La salvación de usted se basa en sus
palabras. En Romanos 10:9-10, leemos: «Que
si confesares con tu boca que Jesús es el Señor,
y creyeres en tu corazón que Dios le levanto
de los muertos, serás salvo. Porque con el
corazón se cree para justicia, pero con la boca
se confiesa para salvación».
Recuerde las palabras de Jesús en Mateo
12:36-37: «mas yo os digo que de toda Palabra
ociosa que hablen los hombres, de ella darán
cuenta en el día del juicio. Porque por tus
palabras serás justificado, y por tus palabras
serás condenado».
Usted no es justificado por los ayunos ni
por el tiempo que dedique a la oración. Jesús
dijo que usted es justificado o condenado
por las palabras que salen de su boca. Las
- 35 -
palabras que usted pone en sus labios tienen
un gran valor.
Detenga a Satanás con
palabras
La táctica principal que Satanás utiliza
contra usted es mantener su atención en
las experiencias de la vida. El diablo lo
mantendrá analizando lo que le pasó y por
qué. Tratará de venderle la mentira que
muchas personas religiosas han comprado:
las tormentas de la vida llegan para enseñarle
algo. Y mientras usted lo crea, Satanás podrá
mantenerlo involucrado en esas tempestades
y se encargará de que usted no tenga una
vida triunfante.
El enemigo le dirá: “No vas a lograrlo”.
Si le cree, él lo tratará sin misericordia y lo
presionará tanto como pueda. Pero usted debe
saber esto: usted sí puede detener a Satanás.

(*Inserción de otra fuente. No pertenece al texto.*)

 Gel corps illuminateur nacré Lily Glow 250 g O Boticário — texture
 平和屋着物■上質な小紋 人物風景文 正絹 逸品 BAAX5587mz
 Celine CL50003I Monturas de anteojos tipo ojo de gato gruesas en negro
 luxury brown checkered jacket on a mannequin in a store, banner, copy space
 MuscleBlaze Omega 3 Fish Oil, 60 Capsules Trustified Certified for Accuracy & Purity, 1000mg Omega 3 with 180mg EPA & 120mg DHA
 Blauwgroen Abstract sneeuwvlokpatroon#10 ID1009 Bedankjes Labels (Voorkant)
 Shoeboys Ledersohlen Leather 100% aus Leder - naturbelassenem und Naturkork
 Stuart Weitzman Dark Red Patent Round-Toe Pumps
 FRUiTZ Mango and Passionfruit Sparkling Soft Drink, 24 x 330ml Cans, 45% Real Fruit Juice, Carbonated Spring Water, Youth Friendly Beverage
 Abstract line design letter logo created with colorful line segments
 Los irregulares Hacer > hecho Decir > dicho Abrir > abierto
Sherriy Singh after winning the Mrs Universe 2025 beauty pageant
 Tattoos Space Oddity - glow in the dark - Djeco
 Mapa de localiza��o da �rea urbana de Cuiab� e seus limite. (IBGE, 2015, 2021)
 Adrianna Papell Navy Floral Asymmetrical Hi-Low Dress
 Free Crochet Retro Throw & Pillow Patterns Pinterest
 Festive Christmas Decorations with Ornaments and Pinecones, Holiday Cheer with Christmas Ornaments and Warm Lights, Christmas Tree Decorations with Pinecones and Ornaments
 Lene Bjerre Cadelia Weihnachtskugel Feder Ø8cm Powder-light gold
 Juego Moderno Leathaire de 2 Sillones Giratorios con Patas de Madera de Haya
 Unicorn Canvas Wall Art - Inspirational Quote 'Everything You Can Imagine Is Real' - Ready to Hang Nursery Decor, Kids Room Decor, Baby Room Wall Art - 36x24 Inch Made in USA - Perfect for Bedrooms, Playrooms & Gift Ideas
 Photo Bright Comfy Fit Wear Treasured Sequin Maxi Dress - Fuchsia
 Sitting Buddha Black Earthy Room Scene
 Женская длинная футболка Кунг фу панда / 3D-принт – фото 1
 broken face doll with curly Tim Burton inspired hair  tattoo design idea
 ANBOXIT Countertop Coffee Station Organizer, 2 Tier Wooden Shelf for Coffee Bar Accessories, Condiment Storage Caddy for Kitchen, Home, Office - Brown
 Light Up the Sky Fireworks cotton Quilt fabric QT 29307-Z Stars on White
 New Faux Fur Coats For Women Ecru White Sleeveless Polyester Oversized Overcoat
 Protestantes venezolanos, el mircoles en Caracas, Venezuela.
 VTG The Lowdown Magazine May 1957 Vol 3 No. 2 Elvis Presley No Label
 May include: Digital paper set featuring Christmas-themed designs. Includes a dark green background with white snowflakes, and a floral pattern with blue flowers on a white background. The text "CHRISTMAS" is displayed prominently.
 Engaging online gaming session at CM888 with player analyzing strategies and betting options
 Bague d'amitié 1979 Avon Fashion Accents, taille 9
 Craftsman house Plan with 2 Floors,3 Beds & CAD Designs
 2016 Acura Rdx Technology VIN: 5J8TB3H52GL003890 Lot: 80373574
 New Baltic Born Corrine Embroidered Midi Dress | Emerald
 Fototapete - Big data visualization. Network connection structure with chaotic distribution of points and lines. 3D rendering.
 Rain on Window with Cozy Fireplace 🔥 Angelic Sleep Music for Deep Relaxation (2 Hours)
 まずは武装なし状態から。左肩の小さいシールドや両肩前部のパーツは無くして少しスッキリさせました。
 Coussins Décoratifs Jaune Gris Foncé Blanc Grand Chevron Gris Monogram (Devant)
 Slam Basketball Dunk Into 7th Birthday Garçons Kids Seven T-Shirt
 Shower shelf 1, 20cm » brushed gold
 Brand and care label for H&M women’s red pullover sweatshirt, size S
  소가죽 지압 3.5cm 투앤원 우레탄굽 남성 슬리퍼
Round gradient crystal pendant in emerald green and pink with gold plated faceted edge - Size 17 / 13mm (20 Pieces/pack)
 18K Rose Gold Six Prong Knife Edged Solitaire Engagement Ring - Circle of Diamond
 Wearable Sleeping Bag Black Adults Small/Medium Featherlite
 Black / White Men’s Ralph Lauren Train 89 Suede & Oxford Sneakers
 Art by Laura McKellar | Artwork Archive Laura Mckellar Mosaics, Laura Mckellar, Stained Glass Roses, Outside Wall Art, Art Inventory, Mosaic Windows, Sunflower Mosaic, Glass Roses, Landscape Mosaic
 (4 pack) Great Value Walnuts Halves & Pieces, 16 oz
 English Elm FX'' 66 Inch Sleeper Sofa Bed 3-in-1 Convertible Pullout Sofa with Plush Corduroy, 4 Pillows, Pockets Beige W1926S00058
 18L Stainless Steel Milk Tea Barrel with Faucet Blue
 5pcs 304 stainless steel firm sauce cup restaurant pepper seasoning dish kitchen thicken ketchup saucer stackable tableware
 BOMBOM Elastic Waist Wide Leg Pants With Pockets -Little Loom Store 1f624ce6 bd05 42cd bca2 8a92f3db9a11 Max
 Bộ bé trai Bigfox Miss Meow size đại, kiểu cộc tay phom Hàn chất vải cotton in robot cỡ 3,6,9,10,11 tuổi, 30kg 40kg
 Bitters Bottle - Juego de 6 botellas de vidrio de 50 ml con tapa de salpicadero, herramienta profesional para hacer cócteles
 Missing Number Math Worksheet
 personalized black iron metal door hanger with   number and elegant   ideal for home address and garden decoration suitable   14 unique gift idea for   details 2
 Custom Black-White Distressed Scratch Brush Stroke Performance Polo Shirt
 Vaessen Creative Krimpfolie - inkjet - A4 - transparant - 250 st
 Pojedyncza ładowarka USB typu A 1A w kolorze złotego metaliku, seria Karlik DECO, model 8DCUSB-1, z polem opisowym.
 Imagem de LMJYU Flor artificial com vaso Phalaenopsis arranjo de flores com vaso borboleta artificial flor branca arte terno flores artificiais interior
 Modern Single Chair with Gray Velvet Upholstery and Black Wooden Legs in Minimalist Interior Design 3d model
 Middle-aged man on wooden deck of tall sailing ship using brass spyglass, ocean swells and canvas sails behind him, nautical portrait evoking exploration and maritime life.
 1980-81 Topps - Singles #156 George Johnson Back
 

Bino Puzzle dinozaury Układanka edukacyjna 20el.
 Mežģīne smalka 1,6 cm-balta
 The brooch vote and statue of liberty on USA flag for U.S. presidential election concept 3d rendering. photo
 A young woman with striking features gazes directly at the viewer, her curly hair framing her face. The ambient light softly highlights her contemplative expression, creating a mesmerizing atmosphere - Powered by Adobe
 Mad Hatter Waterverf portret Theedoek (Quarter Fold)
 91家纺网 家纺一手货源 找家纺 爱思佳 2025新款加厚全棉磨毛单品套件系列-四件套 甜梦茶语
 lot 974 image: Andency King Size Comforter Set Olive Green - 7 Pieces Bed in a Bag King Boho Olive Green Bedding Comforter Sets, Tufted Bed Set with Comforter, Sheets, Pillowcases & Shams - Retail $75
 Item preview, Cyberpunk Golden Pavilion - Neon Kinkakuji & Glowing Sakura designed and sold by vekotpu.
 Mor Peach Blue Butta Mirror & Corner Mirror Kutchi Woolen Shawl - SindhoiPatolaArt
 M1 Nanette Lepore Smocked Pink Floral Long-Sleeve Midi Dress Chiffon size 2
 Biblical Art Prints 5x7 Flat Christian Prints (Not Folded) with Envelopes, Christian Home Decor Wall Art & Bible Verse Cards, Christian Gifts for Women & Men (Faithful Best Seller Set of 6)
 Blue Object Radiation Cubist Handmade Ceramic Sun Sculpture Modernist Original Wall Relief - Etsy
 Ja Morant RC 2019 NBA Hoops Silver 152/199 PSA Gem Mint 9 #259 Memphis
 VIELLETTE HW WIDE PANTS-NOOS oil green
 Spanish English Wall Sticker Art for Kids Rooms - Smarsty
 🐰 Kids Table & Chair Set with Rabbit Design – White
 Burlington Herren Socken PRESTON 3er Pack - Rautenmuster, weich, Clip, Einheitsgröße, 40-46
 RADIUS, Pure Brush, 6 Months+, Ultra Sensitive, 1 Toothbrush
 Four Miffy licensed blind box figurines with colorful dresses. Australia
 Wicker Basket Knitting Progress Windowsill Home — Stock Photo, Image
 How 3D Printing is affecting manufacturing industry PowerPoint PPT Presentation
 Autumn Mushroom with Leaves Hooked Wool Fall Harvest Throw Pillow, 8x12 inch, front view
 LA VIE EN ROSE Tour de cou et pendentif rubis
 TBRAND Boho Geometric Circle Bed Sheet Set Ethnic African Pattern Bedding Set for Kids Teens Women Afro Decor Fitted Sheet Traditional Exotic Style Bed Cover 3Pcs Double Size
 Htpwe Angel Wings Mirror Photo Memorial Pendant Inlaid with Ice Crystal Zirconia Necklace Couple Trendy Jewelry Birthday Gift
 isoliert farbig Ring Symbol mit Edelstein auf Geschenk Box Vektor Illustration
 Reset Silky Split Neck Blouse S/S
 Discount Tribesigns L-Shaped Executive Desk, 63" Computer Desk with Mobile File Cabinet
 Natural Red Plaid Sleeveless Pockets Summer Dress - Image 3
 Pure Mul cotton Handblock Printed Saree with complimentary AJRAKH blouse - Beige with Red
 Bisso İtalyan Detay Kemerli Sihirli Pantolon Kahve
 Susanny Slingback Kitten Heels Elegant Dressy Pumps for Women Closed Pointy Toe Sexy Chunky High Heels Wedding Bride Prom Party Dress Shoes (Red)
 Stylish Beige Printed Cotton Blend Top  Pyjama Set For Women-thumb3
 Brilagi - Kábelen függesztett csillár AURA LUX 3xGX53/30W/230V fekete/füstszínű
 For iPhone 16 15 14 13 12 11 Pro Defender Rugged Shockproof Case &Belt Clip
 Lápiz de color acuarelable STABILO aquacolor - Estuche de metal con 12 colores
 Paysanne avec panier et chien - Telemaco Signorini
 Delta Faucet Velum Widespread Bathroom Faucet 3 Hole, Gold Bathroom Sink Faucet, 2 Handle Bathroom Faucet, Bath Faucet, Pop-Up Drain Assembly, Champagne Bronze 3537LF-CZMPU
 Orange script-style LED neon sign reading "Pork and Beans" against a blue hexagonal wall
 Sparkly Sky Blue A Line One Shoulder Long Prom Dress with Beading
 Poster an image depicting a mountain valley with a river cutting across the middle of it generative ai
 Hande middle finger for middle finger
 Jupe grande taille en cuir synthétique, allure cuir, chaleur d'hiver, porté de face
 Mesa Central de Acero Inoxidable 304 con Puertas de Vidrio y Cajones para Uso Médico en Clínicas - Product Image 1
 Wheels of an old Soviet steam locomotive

Jesús dijo: «Así que no se preocupen
diciendo: “¿Qué comeremos?” o “¿Qué
beberemos?” o “¿Con qué nos vestiremos»
- 36 -
(Mateo 6:31, NVI). Primero, recibimos
pensamientos de preocupación, luego los
expresamos. Entonces si usted comprende
este principio, puede detener a Satanás.
Detenga el pensamiento, luego diga: “No,
Satanás la Palabra de Dios afirma que tengo
autoridad sobre ti. No tengo por qué escucharte.
He sido hecho la justicia de Dios por medio
de Jesucristo, y me niego a dar un paso más
bajo tu influencia. Ya no permitiré que pongas
ninguna dolencia ni enfermedad en mi cuerpo.
Tú no eres mi dios, Jesús es mi Señor.”
Una vez que usted toma esa decisión y
habla la Palabra de Dios, debe mantener su
posición inalterable; no debe ceder terreno
en ninguna forma. Satanás lo retará, así que
deberá permanecer firme y no concederle ¡ni
un centímetro!
Me han criticado de ser una persona
muy dura por predicar de esta forma. Sin
embargo, he aprendido que si no lo soy,
estaría cometiendo una injusticia en contra
de ellos. Pues algunas veces se necesita ser
firme con la gente para impactar su forma
de pensar y hacerles conciencia sobre cómo
Satanás los está golpeando.
- 37 -
En Mateo 15:22-28, observamos que
cuando la mujer cananea vino a Jesús, Él le
respondió de una forma que parecía cruel:
«No está bien tomar el pan de los hijos, y
echarlo a los perrillos». Sus palabras fueron
duras, pero penetraron la incredulidad de la
mujer. Cuando ella comenzó a creerle a Dios,
Jesús le dijo: «…hágase contigo como quieres».
Las palabras tienen poder: transmiten vida
o muerte, bendición o maldición. ¿Alguna vez
ha pensado por qué es tan inaceptable oír
que las personas usen el nombre de Dios en
vano? ¿Por qué no tiene sentido decir que Dios
maldice? Porque Él no es quien maldice,
tampoco es el destructor, sino el Creador.
Pero hay personas que aunque sienten
repugnancia cuando alguien usa el nombre
de Dios en vano, son las mismas que lo culpan
por toda clase de problemas: “Dios se llevó a
mi bebé. Dios mató a mi padre. Dios hizo que
un tornado destruyera mis plantaciones y
matara mi ganado”.
Acusar a Dios de matar y destruir
equivale a decir que Dios maldice. Dios es
amor y es vida. Él crea y produce buenas
cosas. Al decir que Dios causó muerte o
- 38 -
destrucción, usted permite que Satanás
pueda condenar y destruir. El diablo hace
algo malo, y ¡a Dios se le culpa por ello!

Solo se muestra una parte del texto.